US Open Tennis, a blogger, the media and Roger Federer.

The  US Open tennis tournament begins Monday in New York. For me, Peter Bodo is “the man”, when it comes to tennis writing and longevity (OK, maybe Bud Collins too, but trust me, in a very, very, different way) Anyway, Peter has added blogging for Tennis Magazine to his Senior Editor for life, sniffing out material for later stories and general Mr Cool roles. This development is the new face of journalism. Pete started at Wimbledon.

In LA, Tokyo or wherever, we  all watched the matches live on cable/network TV; caught results on the official website, then read Bodo minutes later for what really happened. By the time I read Lisa Dillman in the LA Times the next morning (also very good), often that next day's matches were already over.

In fact, I started to get annoyed with Bodo. Hey, the match is finished; its 30 minutes later, where's your  take, along with the inside scoop, as well as comments from the press conference. (Or not) Still not up? Damn!  It's become more than a first rough draft of history, it's as it happens reporting. And now I find I want it quicker and quicker.

There are problems. Context can be lost, except in the hands of highly skilled guys(big tick here for Pete) Wider research and more voices on issues can get missed. But for blow by blow; the bang bang; its indispensable. That's a big change. We have an astute, (30 years on the job) writer, adding his insight days before a daily paper can match his immediacy. 

Big media will have to change to match the challenge. They'll have to blog. They know it too. Recently the LA Times had Diane Pucin do updates every three hours from the month long Tour de France, as well as long pieces of daily reportage/analysis. If  blogging isn't added into the  journalism mix and run by the major media goodbye consumers.If I've got TV and Bodo why do I need the papers? 

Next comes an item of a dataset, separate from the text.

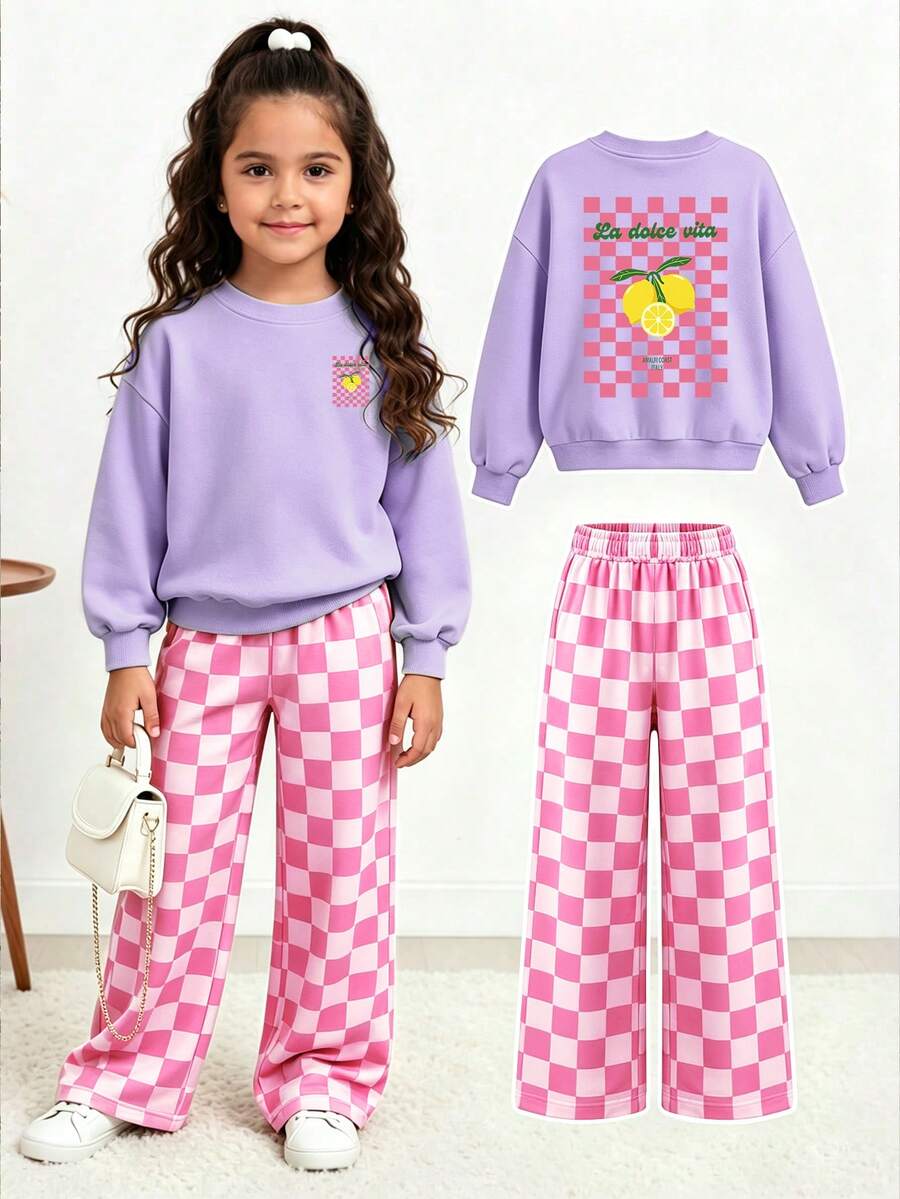 2pcs/Set Girls Cartoon Plaid Print Crew Neck Sweatshirt + Random Cut Pink Plaid Long Pants, Autumn/Winter Fashion New Style - Multicolor - View 1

Yet remember King Canute. Today that's old line media and their cohorts, the tennis administrators, both trying to manage out information; TV gets this, other TV (cable) gets that,  radio can use this, papers that.  It's all, you can't report that if we let you into the room, you can't show that if we have the rights, All about control and money. Funny, like everything else, the digital era has created tools that change the way fans can consume this game. Its changed the media cycle. Speeded it up. 

Tennis hasn't yet completely figured out the new era's possibilities; the internet's pay for play, video on demand or  transmission of every match on every court; (digital TV the same); viewers on cellphones, PDA's, PSP's.  Blogs and bloggers adding new dimensions to the carnival.

But Tennis needs to get past that (as do all old line enterprises) Tennis needs to grow. The audience grows the more they see and the more they have access. Bodo puts you on the grounds. Read him and see.